Captioned web images
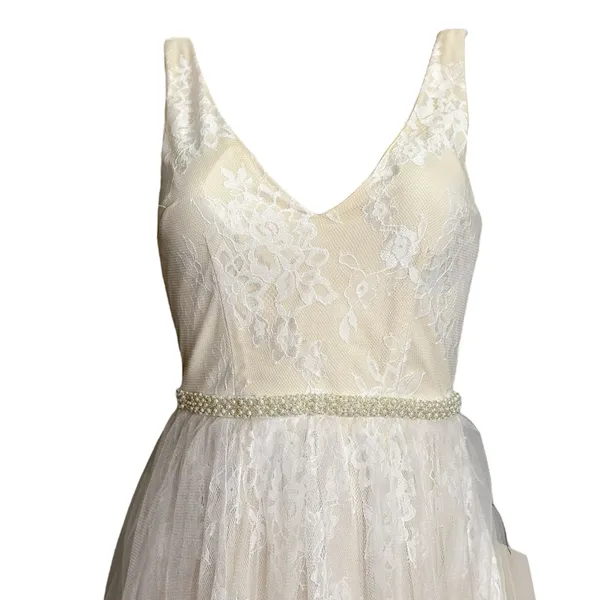 LULUS Sweet Love Floral Lace Beaded Maxi Dress, Ivory, Small - Image 8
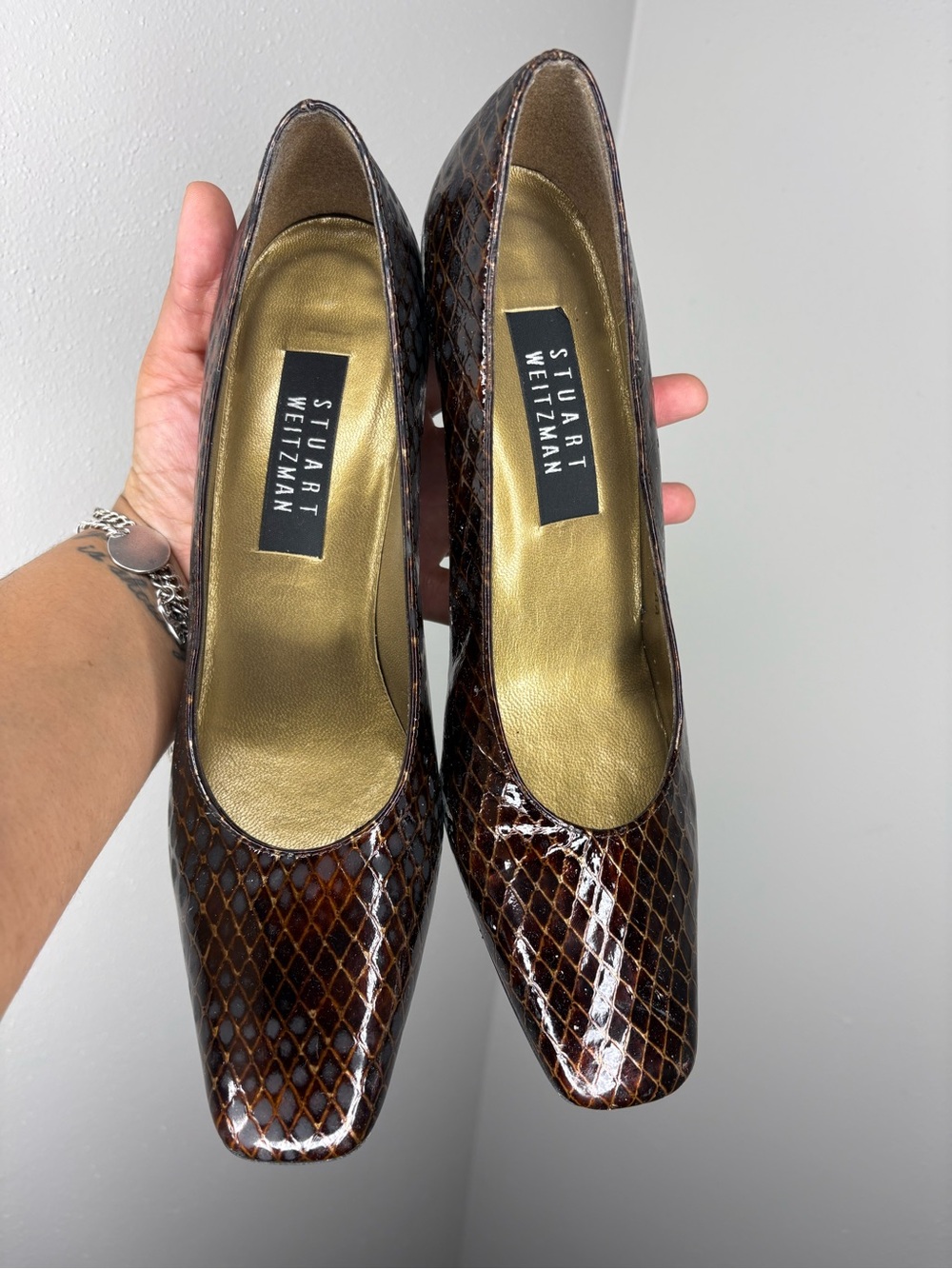 Stuart Weitzman Dark Brown Patent Snakeskin Pointed-Toe Pumps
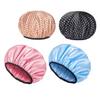 4-piece Set of Waterproof Bath Shower Cap Double-Layer Enlarged Long Hair Pullover Baked Oil Cap Solid Color Fashion Dust-Proof Cap Anti-Oil Smoke Cap. view 1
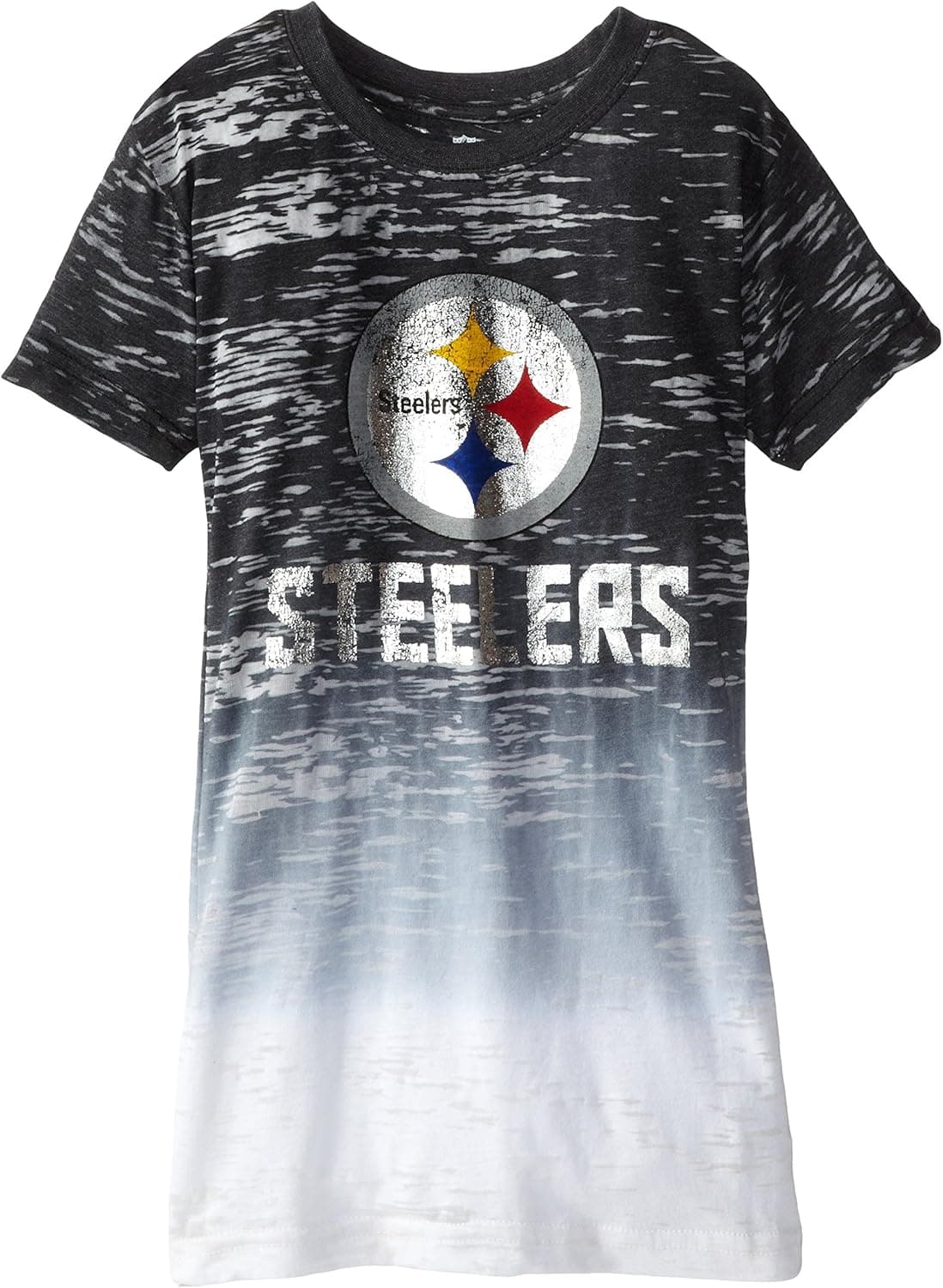 NFL Pittsburgh Steelers Youth Short Sleeve Burn Out Tie Dyed Tee (Age 7-16)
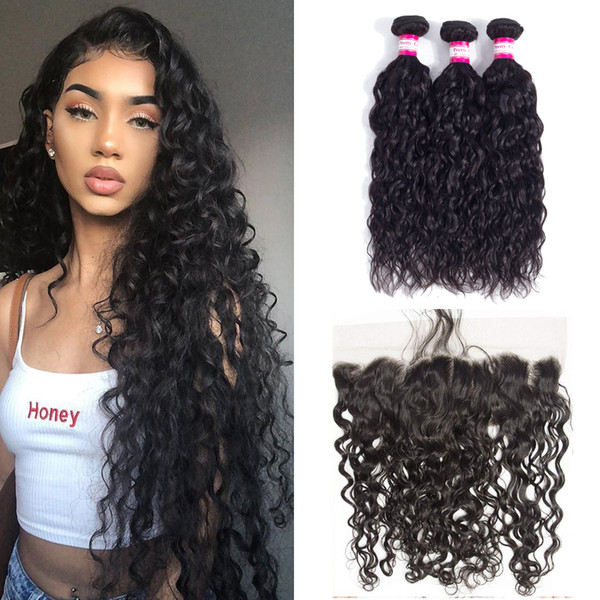 Pre Plucked 13x4 Ear to Ear Lace frontal Closure with bundles 100% Unprocessed Peruvian Water Wave Human Hair Extensions Tangle Free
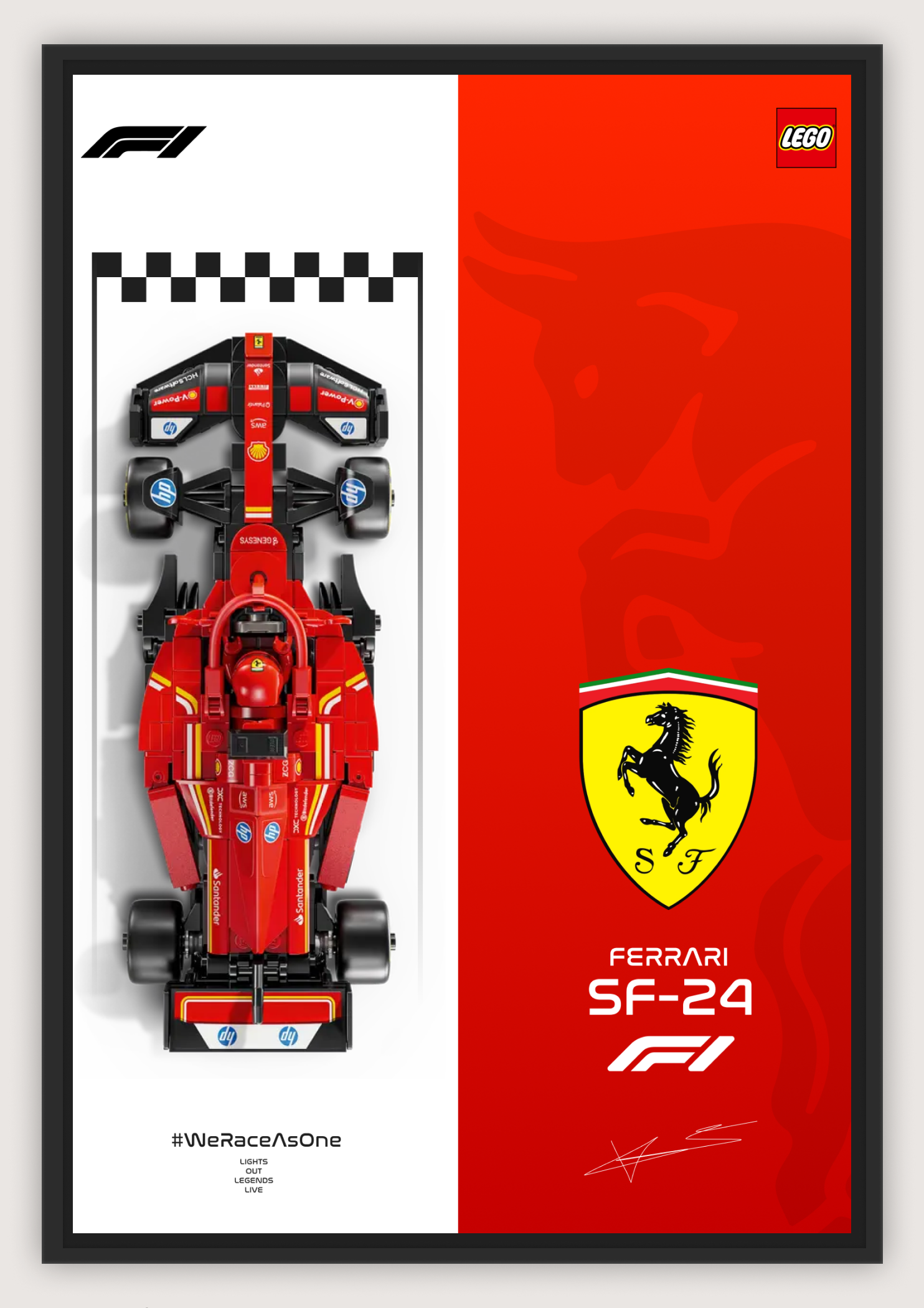 Ferrari SF-24 – LEGO Speed Champions Display Poster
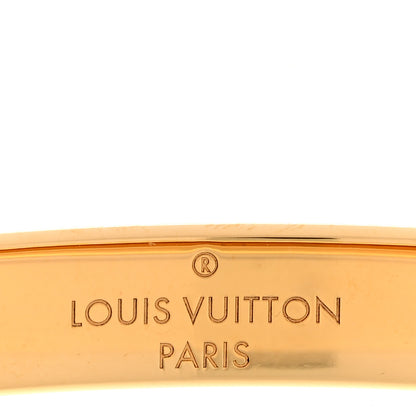 Louis Vuitton Brass Crystal Monogram Nanogram Strass Cuff S Gold 4 of 8
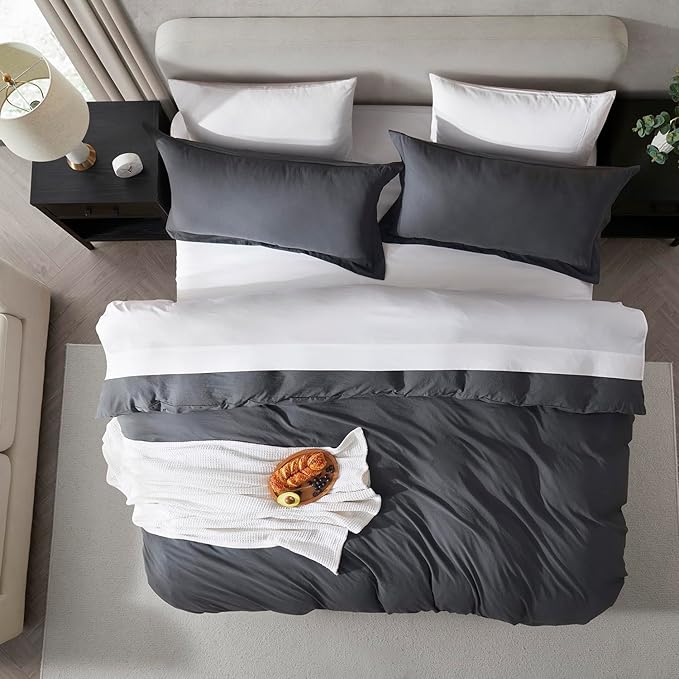Nestl Dark Grey California King Duvet Cover Sets - Image 5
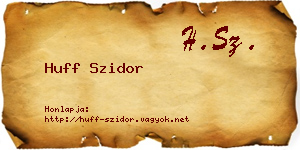 Huff Szidor névjegykártya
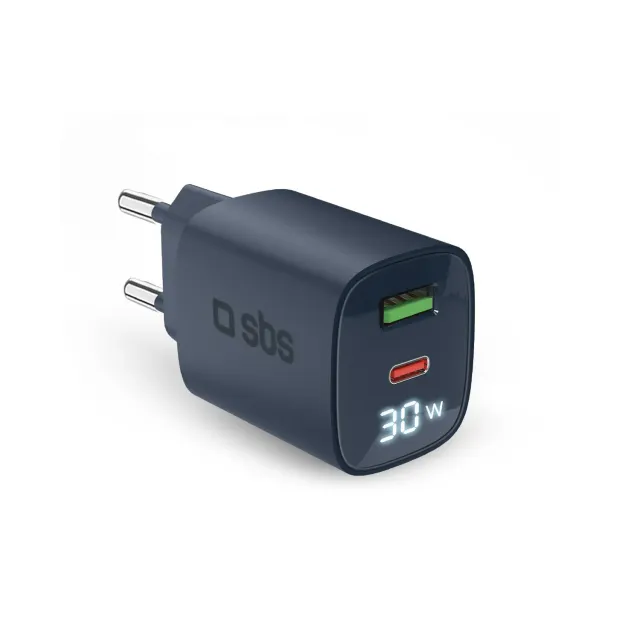 SBS Power Control Ladegerät 30W USB-C LCD Schwarz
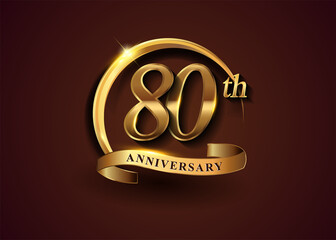 80th golden anniversary logo with gold ring and golden ribbon, vector design for birthday celebration, invitation card.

#### ACTIVITY
Output the records above as they stand, from the first line to the line with "Pre Plucked 13x4", inclusive, and exclude the pictures.

#### EXERCISE RESULT
 LULUS Sweet Love Floral Lace Beaded Maxi Dress, Ivory, Small - Image 8
 Stuart Weitzman Dark Brown Patent Snakeskin Pointed-Toe Pumps
 4-piece Set of Waterproof Bath Shower Cap Double-Layer Enlarged Long Hair Pullover Baked Oil Cap Solid Color Fashion Dust-Proof Cap Anti-Oil Smoke Cap. view 1
 NFL Pittsburgh Steelers Youth Short Sleeve Burn Out Tie Dyed Tee (Age 7-16)
 Pre Plucked 13x4 Ear to Ear Lace frontal Closure with bundles 100% Unprocessed Peruvian Water Wave Human Hair Extensions Tangle Free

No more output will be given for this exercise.